Une décision qui dérange ? Si on se réfère à l'étymologie ce serait presque un pléonasme. Décision vient du latin decisio de de et caedere, détacher en coupant, trancher ... et couper ou trancher ça fait mal ... ça dérange donc. Mais ça dérange celui ou ceux qui sont l'objet de la décision, ceux qui la subissent, l'employé licencié par exemple qui subit la décision de l'employeur qui prend la décision de le licencier. Mais par contre la question d'oser prendre la décision, c'est à dire la question d'avoir le courage de trancher, et donc de déranger les autres, se pose quand à elle pour celui qui prend la décision. Et c'est bien du point de vue de ce rôle d'acteur de la décision que la question posée nous invitait a nous placer ce dimanche.

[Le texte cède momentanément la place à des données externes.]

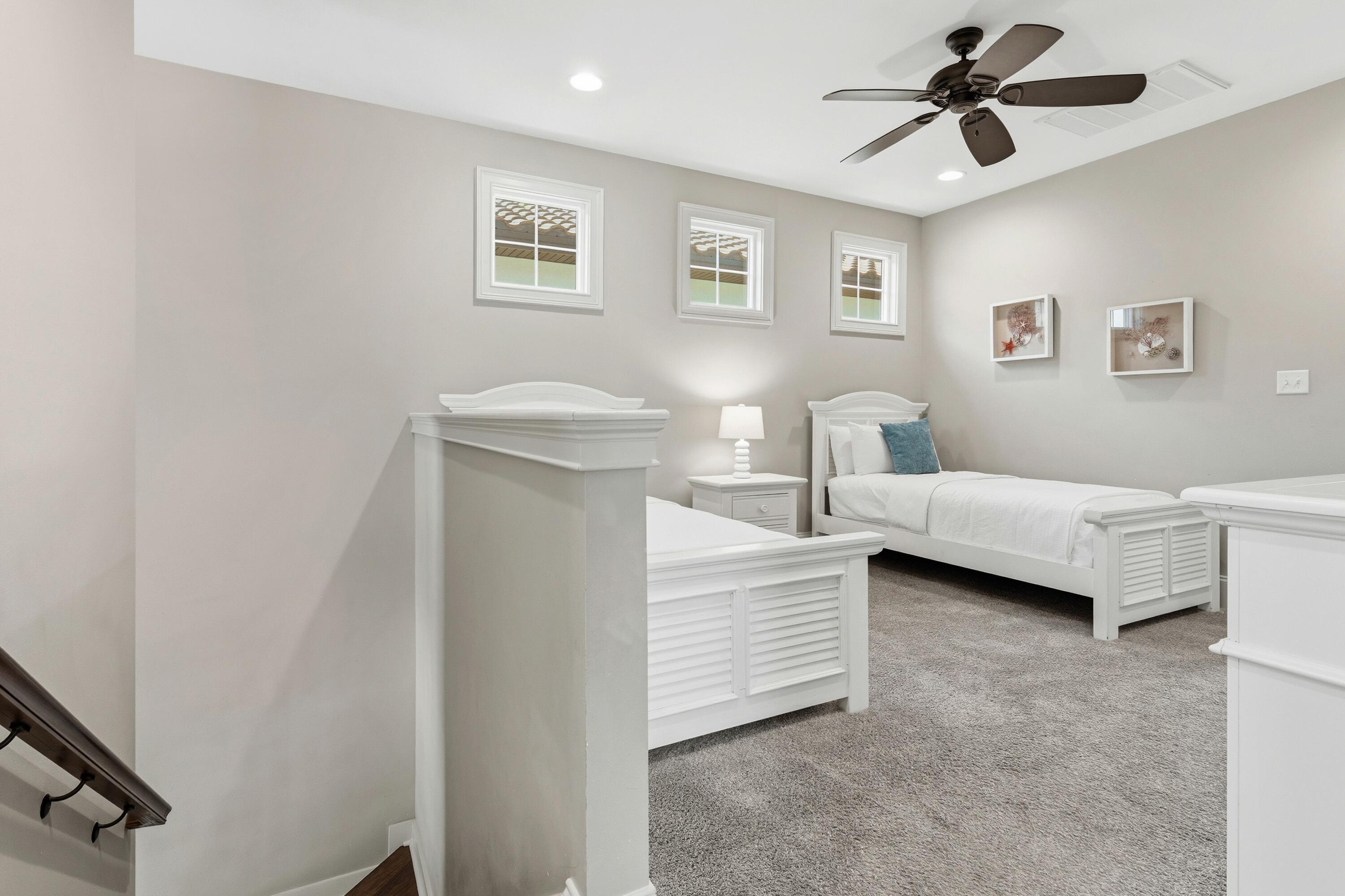 VILLA LAGO - Residential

Dès lors pourquoi faudrait-il avoir du courage pour prendre une décision qui dérange ... les autres ? Le courage étant la vertu par laquelle nous affrontons le risque ou le danger, en quoi celui-ci est-il nécessaire dès lors que notre décision s'applique et donc dérange les autres et non nous-mêmes ?
Ou est alors le risque pour nous, ou est le danger que nous devons affronter ? Ce risque, semble t-il, vient des autres et de leur réaction suite au dérangement occasionné par notre décision, dérangement que les autres nous imputent comme conséquence de notre décision. Et c'est dès lors cette imputation qui est pour nous le danger que nous devons affronter. Entendre l'autre nous dire « ta décision me fait mal » peut être pour nous une souffrance morale et c'est donc le risque d'une telle souffrance que nous devons affronter lors de la prise de décision. C'est donc pour cela qu'il nous faut du courage, qu'il nous faut oser prendre une décision qui dérange.
Mais nous voyons dès lors que nous aurons à affronter ce risque seulement si la réaction de l'autre qui nous dit « ta décision me fait mal » est pour nous une souffrance, ou du moins un problème moral à affronter. Si, en effet nous ne nous soucions pas des réactions des autres suite aux conséquences de nos décisions alors il n'est nul besoin d'avoir du courage pour prendre les dites décisions. C'est notre préoccupation morale par rapport aux réactions des autres à notre égard, suite aux conséquences de nos décisions, qui nous oblige au courage. C'est le souci de l'autre qui nous amène à considérer, lorsque l'on prend une décision, le mal que celle-ci peut provoquer chez l'autre. C'est pour faire face à notre responsabilité dans le mal que nous faisons à l'autre que nous avons besoin de courage. C'est parce que nous sommes dérangés par le dérangement des autres suite à notre décision qu'il nous faut du courage pour prendre cette décision. Mais ne confondons pas le dérangement des autres et notre propre dérangement. En effet, alors que le dérangement des autres suite à notre décision correspond à un fait objectif, à un changement dans ses habitudes, à une rupture dans sa vie, à des risques et à des souffrances supplémentaires pour lui, le dérangement que l'on peut avoir suite à cette imputation de l'autre est quand à lui d'ordre purement moral, il dépend de la valeur que l'on attribue à l'autre.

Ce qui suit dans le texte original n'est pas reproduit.